Ecos do Movimento Litúrgico no Brasil

            Um de seus expoentes foi Dom Martinho Michler, monge beneditino do mosteiro do Rio de Janeiro que, em 1933, incentivou os fiéis a compartilhar uma vida cristã, especialmente a liturgia, baseada nas fontes autênticas.


            As primeiras manifestações até que foram bem recebidas em alguns círculos, tais como a Ação Católica, mas aguçaram a oposição dos tradicionalistas que acreditavam tra­tar-se de um movimento insurgente no seio da Igreja, quase uma heresia.

            As implicações tiveram seu ápice no jornal ‘O Legionário’, das Congregações Maria­nas de São Paulo, e no jornal ‘O Catolicismo’, do movimento ‘Tradição, Família e Proprie­dade’ (TFP).

            Foi pertinente a intervenção do bispos do Brasil e da Santa Sé para serenar as discus­sões : de um lado tínhamos os liturgistas promovendo os novos ares e, de outro lado, os de­vocionistas, conservadores que não permitiriam a extinção do culto aos santos, ao papa, à Virgem, ao Santíssimo, etc..., ou seja, às devoções populares. 


A terceira etapa (de 1943 a 1963 )

Pio XII
             Algumas personalidades, que atuavam na vanguarda do movimento litúrgico, exagera­ram seus posicionamentos, chegando a desconsiderar a piedade individual e as de­voções particulares, para enaltecer exclusivamente a oração comunitária e as celebrações de caráter oficial da Igreja.
 
            A escola de Maria Laach, por exemplo, era uma das que distinguiam entre piedade objetiva (litúrgica) e piedade subjetiva (pessoal).
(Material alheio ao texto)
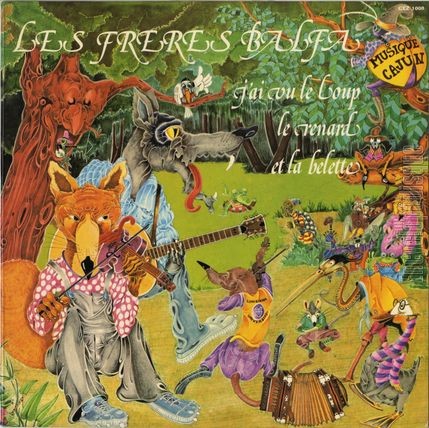 [Pochette de J’ai vu le loup, le renard et la belette (Les frres BALFA)]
A reação de correntes contrárias foi rá­pida, apontando desvios nos avanços litúrgicos.
 
            Pio XII (1876-1958), com suas encíclicas ‘Mystici corporis’ (1943) e ‘Mediator Dei’ (1947), interveio com muita prudência.
 
            A encíclica ‘Mediator Dei’, considerada a carta magna do movimento, acolheu o con­ceito de que Cristo atua na liturgia e removeu idéias exageradas, censurando francamente os extremismos e, em particular, levantou a questão da ‘piedade objetiva (litúrgica)’, apre­sentada como um ‘denominador comum’ de muitos erros.
 
            A encíclica apresentava como fato :

ü  a harmonia entre liturgia e vida espiritual – reconhecendo na ação litúrgica sua superio­ridade, não desvalorizou nem estabeleceu antagonismo entre a oração litúr­gica e a oração privada e

ü  a defesa da liturgia subordinada à hierarquia eclesiástica – na eclesiologia de Pio XII, a liturgia seria confiada aos sacerdotes, em nome da Igreja.
o   a ‘Sacrosanctum concilium’ será alicerçada mais no sacerdócio comum dos fi­éis do que no sacerdócio ministerial e falará desta participação como um di­reito e uma obrigação de todos os cristãos em virtude de seu batismo
o   segundo o grande teólogo Yves Congar, ‘Pio XII não era contrário às mudan­ças, mas fazia questão de conservar um certo controle’.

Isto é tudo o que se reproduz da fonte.